CLIENT: Franklin & Marshall College
SIZE: 33,000 sf
Drawing on Franklin & Marshall College’s motto Lux et Lex the new Winter Visual Arts Building for the Art, Art History, and Film Department is conceived as ‘light’ in complementary/contrast to the ‘heavy’ exemplary brick architecture of the 1856 ‘Old Main’ original campus building. A gradual exterior ramp connects from Old Main’s axis to a second-floor entrance of our new building, just above a ground floor entrance facing the newly formed ’Arts Quad.’ The building activates the southern end of the campus as a new campus destination as well as reinforcing the college’s historic axis by extending it to the south and reaching out to the town.
The large diameter trees, the oldest elements of the Franklin & Marshall’s 52-acre arboretum campus, were the conceptual generator of the building’s geometry. As a lightweight building, its main floor is lifted into the trees on a porous ground level open to the campus and the adjacent Buchanan Park. The reflections of the hovering building at night glowing in the water of the large reflecting pool add to the special articulation of this place.
The Winter Visual Arts Building is the center of creative life on campus. The universal language of art enabled by the building’s spaces brings together students from diverse cultures to collaborate on arts projects. It offers generous social/circulation space, with two main entries on different levels that enable one-way flow when needed, abundant daylight to all rooms, natural ventilation, and outdoor terraces. The architecture is deeply connected to its verdant, park-like campus setting, a restorative place within nature.
Ecological Innovation +
– LEED Silver
– double layer U Plank with Wacotech GmbH & Co. KG translucent insulation
– operable windows and skylights at every studio
– natural light to all studios
– radiant floor with heating and cooling
– reflecting pool doubles as stormwater overflow
– all existing trees preserved on site
Dominik Sigg, Marcus Carter, Elise Riley, Michael Haddy, Hannah LaSota (project team)
- Casali Group, Inc.
Thomas Murray (project manager)
- Franklin & Marshall College
Sheldon Wenger (project manager)
- ICOR Associates
- David Miller Associates
- Knippers Helbig Advanced Engineering
- L'Observatoire International
- Hollander Design
- Harvey Marshall Berling Associates
- Aqua Design International
Kostis Korelias, Associate Professor at Franklin & Marshall “... Our new art building is itself a philosophical machine without which, we cannot fully understand the Mystery of force."
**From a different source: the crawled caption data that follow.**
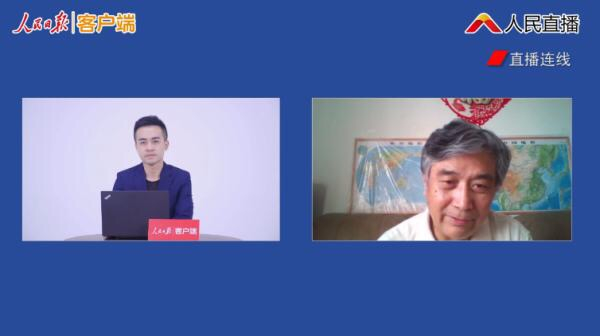 曾光（右）13日接受人民日报客户端谈北京疫情防控相关话题视频截图。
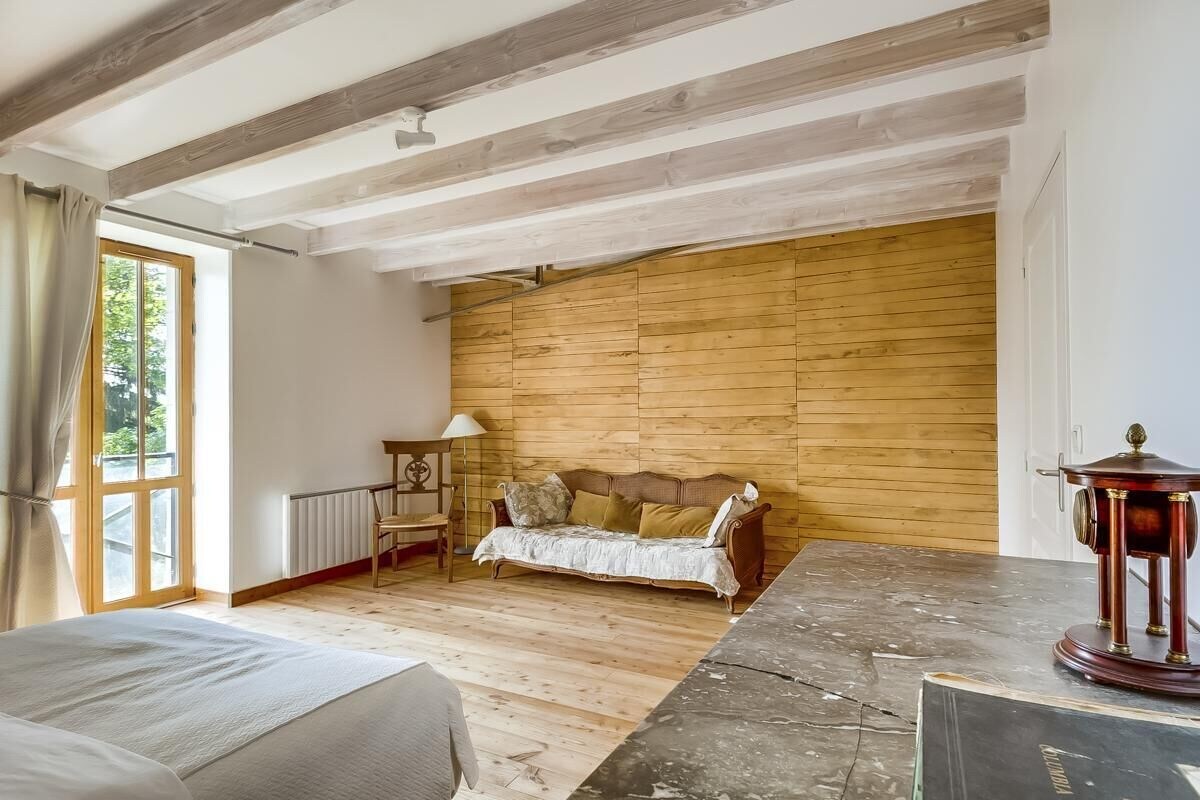 Een kamer met een houten plafond, een bank, een tafel en een radiator.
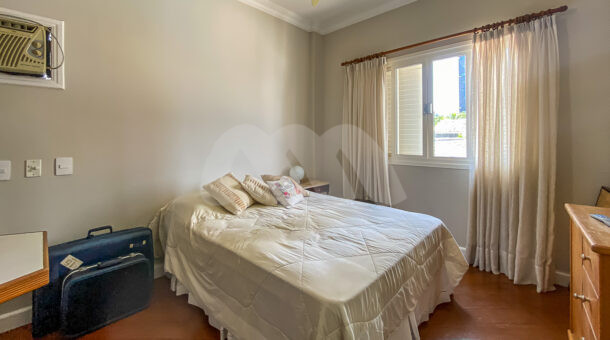 Imagem lateral do quarto com vista da cama de casal e janela da casa à venda em prestigioso condomínio.
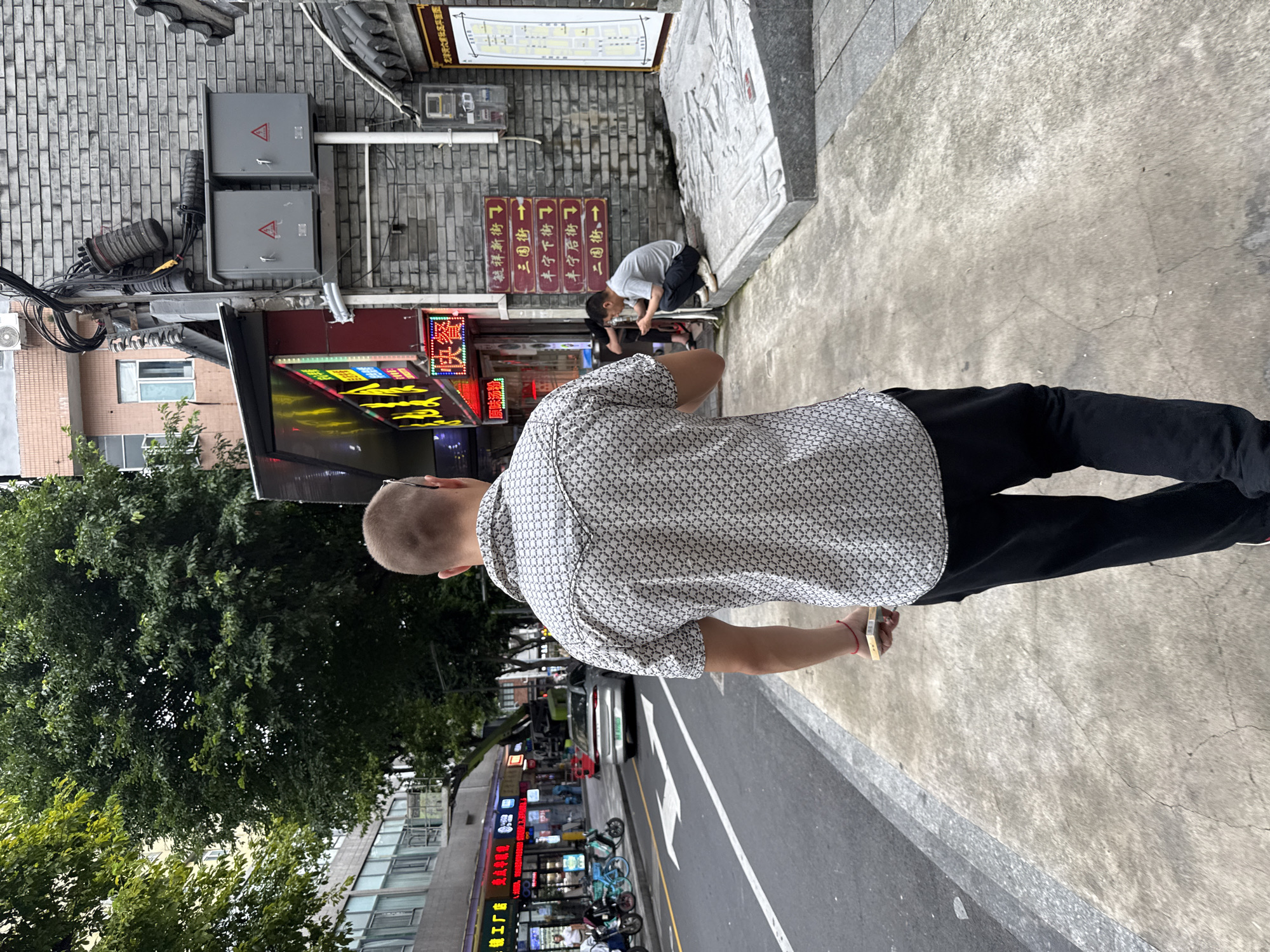 A man walks away from the camera down a sidewalk in Liwan District, China. He is wearing a short-sleeved patterned shirt and black pants. In his right hand, he holds a small stack of bills with a red string tied around it. To his left, a street runs alongside the sidewalk with parked motorcycles, a silver car, and storefronts. To his right, a brick building with electrical boxes and signage stands adjacent to the sidewalk. A second man is seated on a raised platform in front of the brick building, looking at his phone. Overhead, trees and other buildings are visible. The lighting suggests it is daytime.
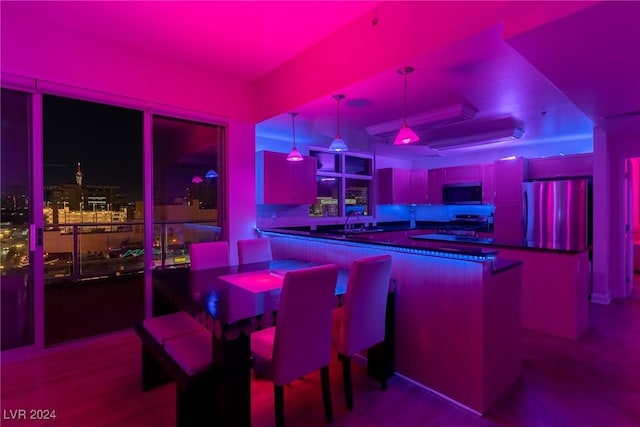 bar with refrigerator, sink, stainless steel stove, and pendant lighting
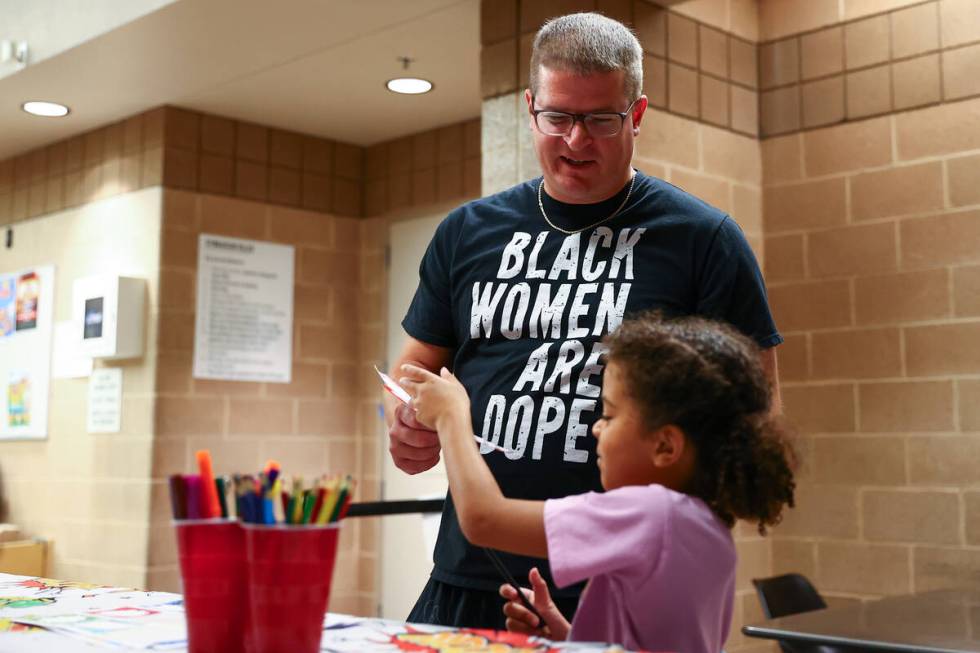 Dylann Hoover, 6, hands a craft she made to her father Eric Hoover, of North Las Vegas, during ...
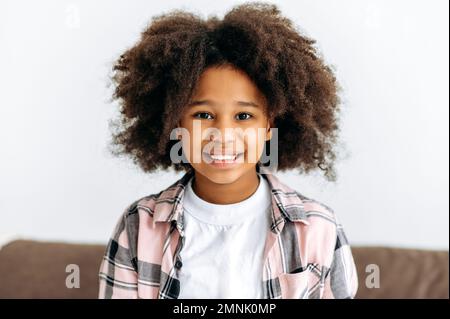 Ritratto di una bella ragazza afro-americana carina, età prescolare, con capelli ricci, in un vestito di base, siede sul divano, guarda alla macchina fotografica, sorrisi amichevole. Bambino felice Foto Stock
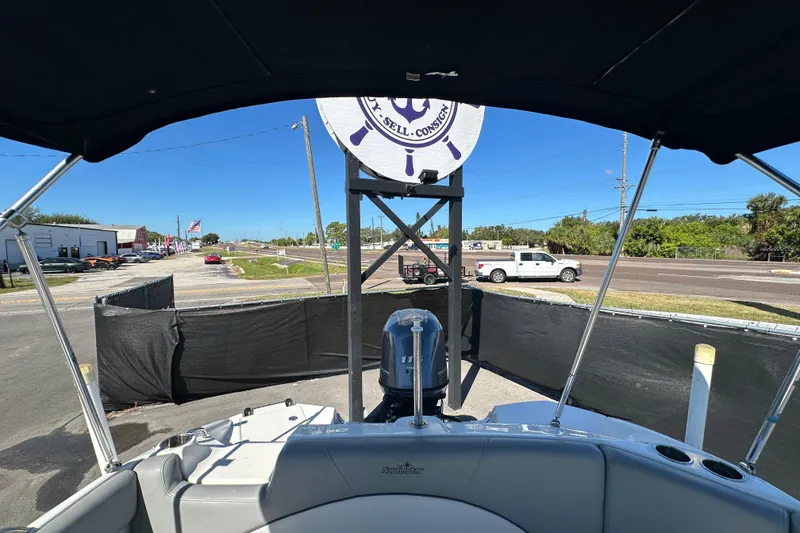 Slide: The Image of 2021 NauticStar 203 DC boat with canopy, parked near a road under clear blue sky. - 75
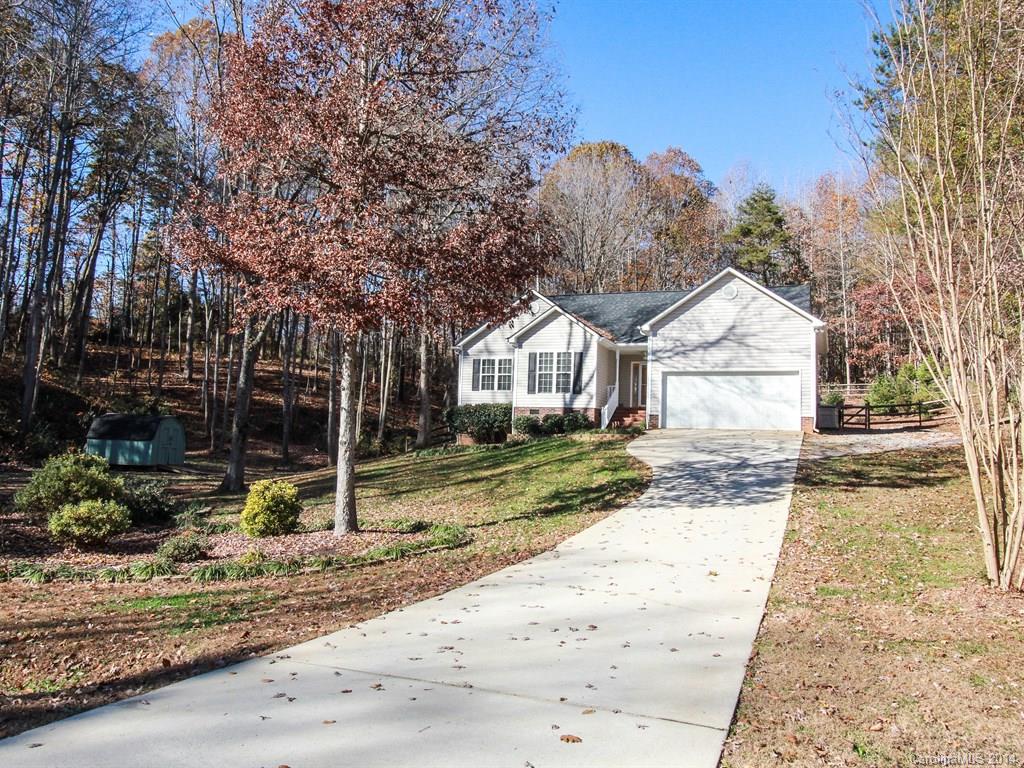 Home surrounded by BEAUTIFUL natural WOODED landscape on 1.6 ACRES. Enjoy the ease of COUNTRY SETTING--pool, end of cul-de-sac lot, quiet & well maintained neighborhood. Ranch with hardwoods through out. Lots of windows to allow natural light in.  Home is in mint condition, large living area open to kitchen with stainless steel appliances. Master Suite boasts space & vaulted ceiling, jetted tub. French drain in back yard. Outbuilding shed. Convenient to shopping, restaurants and more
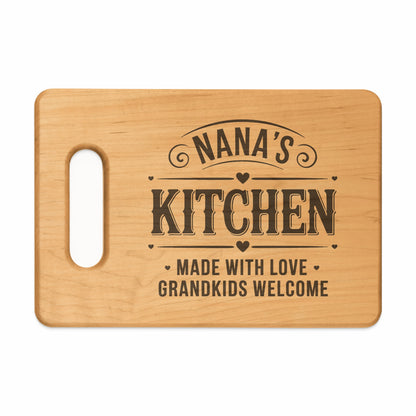 Wooden cutting board with "Nana's Kitchen" and "Grandkids Welcome" text.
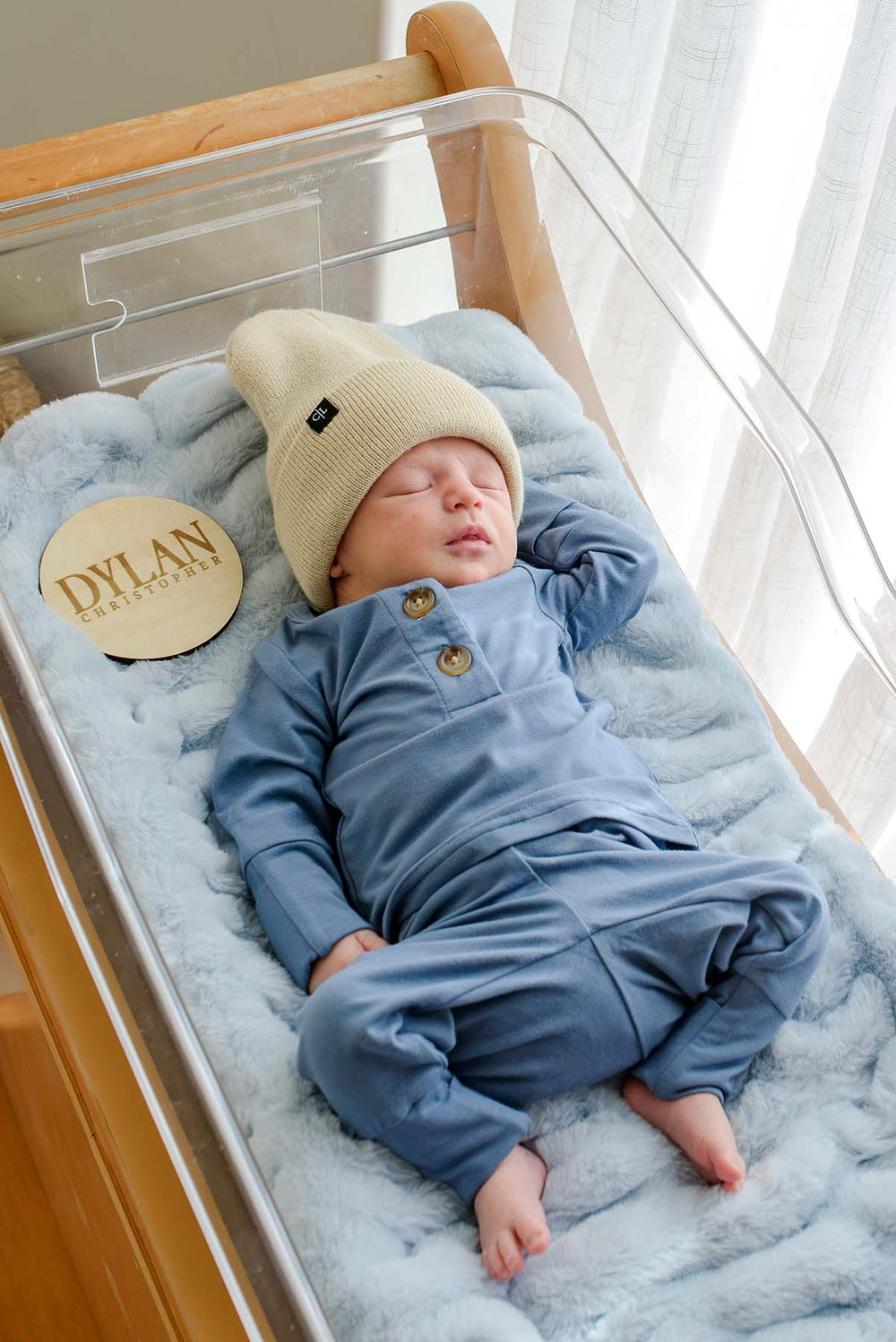 Newborn boy in a Caden Lane tan beanie and blue button-detail sleeper resting on blue faux fur in a hospital bassinet, beside a wooden "Dylan Christopher" name sign.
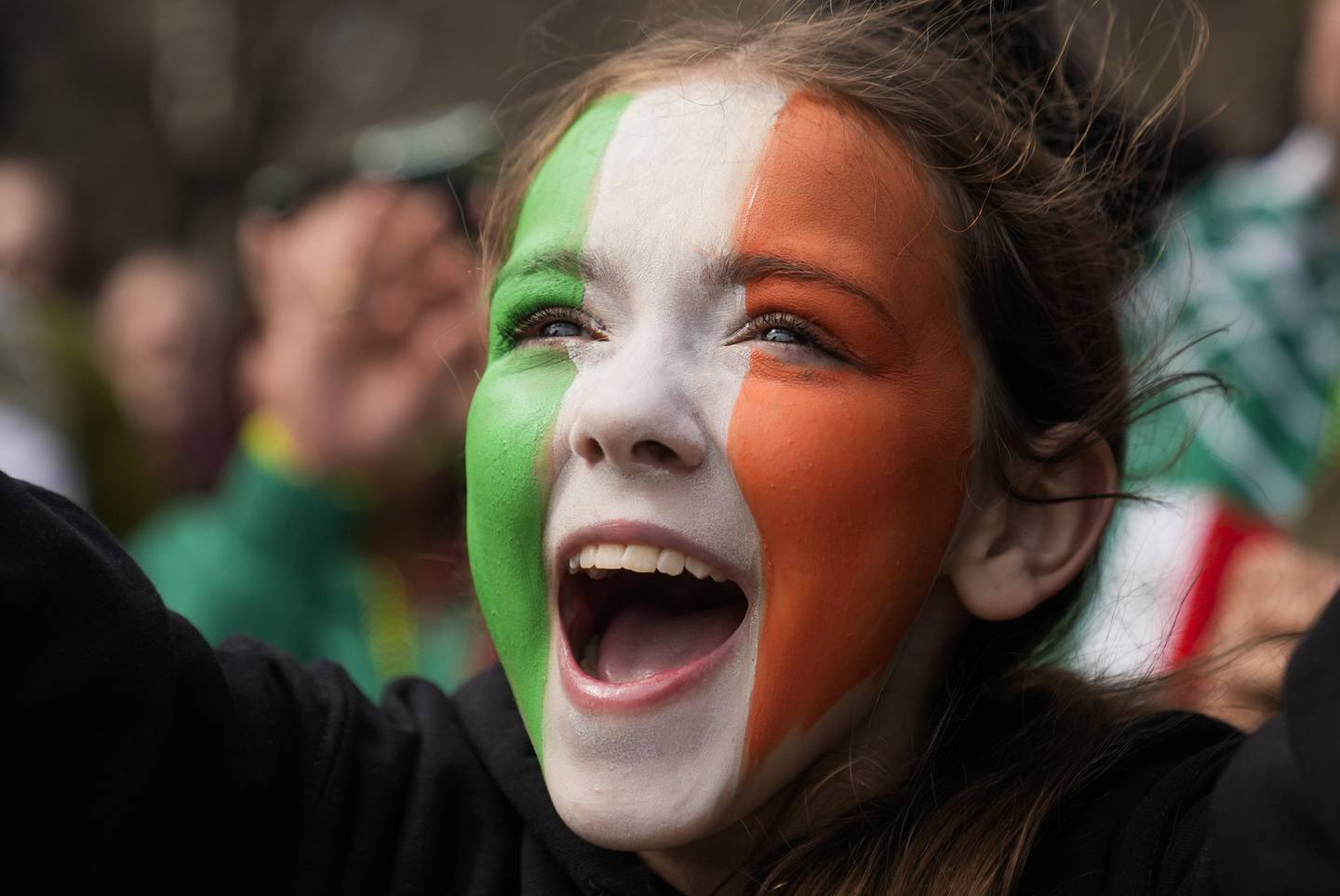 Eleven-year-old Ava Impell of Pittsburgh watches the St. Patrick's Day parade March 16, 2024, in Chicago.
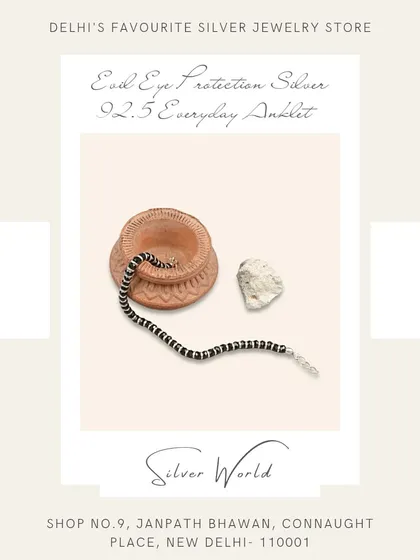 An everyday anklet made with silver and black beads, offering protection from the evil eye. This is a classic 'nazaria' design.
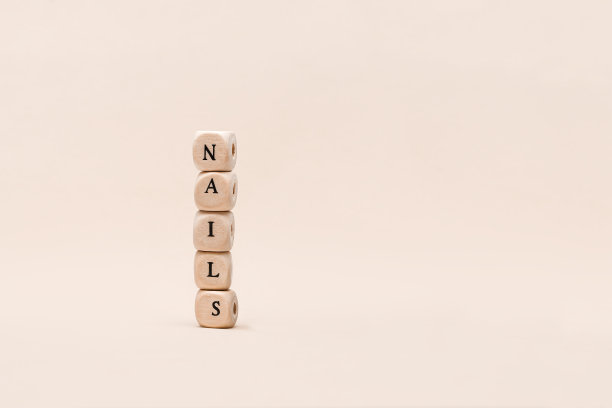 用钉子这个词排列的木块。字钉子从木块在米色的背景。副本的空间。图片下载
Eric Baldwin, The Architect's Newspaper, October 2020 "Rising between canopies of old-growth trees and their driplines in south-central Pennsylvania, the art center seemingly floats above the landscape of the campus and Buchanan Park. The 32,000-square-foot project is wrapped in SHA's signature translucent glass to provide an ethereal illumination for art students. . . Balancing form and enclosure the Winter Visual Arts Building becomes a new campus destination for students with space to gather, learn and grow through the universal language of art."
Alberto Bortolotti, Arbitare, 21 Jan. 2021 "The natural setting has also favoured the application of Holl’s theory of parallax – which holds that vertical or oblique movements through space multiply our experiences – something that is already evident even before you enter the new building, as you walk along the lengthy external ramp that leads to it from the historical centre of the campus."